People are familiar with the idea of "stages of grief", but I like J. William Worden's idea of "tasks of grief". It feels less passive and prescriptive, and grief isn't clear cut and linear most of the time. You think you're at the acceptance stage, then bang. You're back to guilt again.

My loss last year wasn't a death, but it was pretty earth-shattering to me. Shock serves a purpose; it allows you to carry on with life without being overcome by misery or yearning. And focusing on rationalising and reasoning, and being pro-active and showing everyone who's worried about you just how resilient you are...that's all very well, but it doesn't last forever. One day, something catches you off-guard: a song you hear when you're out, an innocuous comment that a friend makes, a film that you thought was a "safe" option when you went to the cinema. And then all of these feelings, which you think have no place in the life that you've readjusted to, hit you one by one.
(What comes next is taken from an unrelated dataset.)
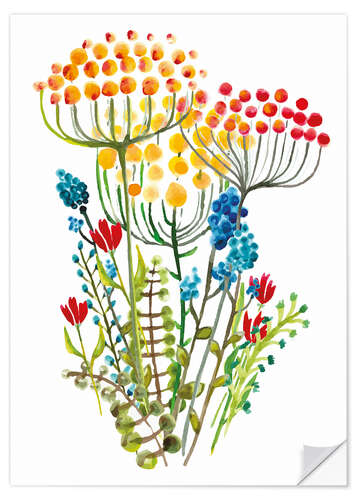 Selvklebende plakat Watercolor Crysanthemum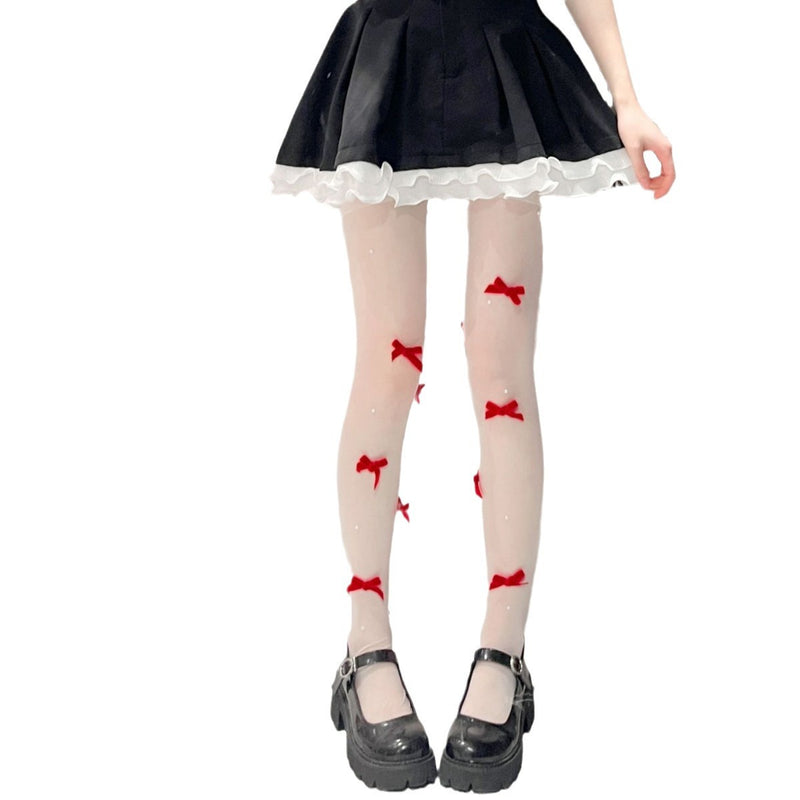 LolitaFetch Essentials Pearl Bow White Tights - image 5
I remember walking out halfway through Before Midnight last summer. I adored the first two films, loved Jesse and Celine, and couldn't wait for the third installment. But sitting in the Barbican, my surprise and irritation with the film and the characters rose until I couldn't bear it anymore. I waited for my friend in the quiet restaurant, but when I tried to eat, I found myself crying instead. When my friend found me an hour later (why couldn't it have been 80 minutes long, like Before Sunset?!), I'd stopped crying, but when asked if I was ok, I didn't know how to answer.

Last year, in that horrible, bitterly cold winter, I tried to force Bridal Crown narcissi indoors, in the hope that they would flower for what was meant to be our wedding in the spring. It didn't work; I had a few shoots and leaves, but that was all. Symbolically or not, the wedding didn't happen either. This year, the mild winter has confused my spring bulbs, which needed a cold spell, and the damp ground has resulted in short stems and fewer flowers. But my Bridal Crown narcissi have flowered.


The Honeymoon tulips, another bulb chosen as much for its name and what it represented as for its beautiful blooms, didn't flower last year. This year it has made a shy appearance.


And forget-me-nots.



Our lovely cake maker was going to incorporate them into the cake design, our jeweller in Birmingham's jewellery quarter had engraved them on my rose gold wedding ring, and I planned to get some from a flower farm we visited to use in the wedding flowers. Last year I made do without, but this year I bought some plants. The tiny flowers first emerged at the start of March, and the baskets are now a mass of bright blue and pink, with dots of yellow. After thinking it over, I started to wear my forget-me-not ring last month. It feels nice; like Worden's fourth task of finding a place for the loss in the present but still moving on with life.


I cut a Bridal Crown narcissi stem for a small vase, and once it opened up, I cut it short and put it with some blue and pink forget-me-nots. It's sad, of course, but there's love and wonder and hope there, so I smile when I think of the story behind them.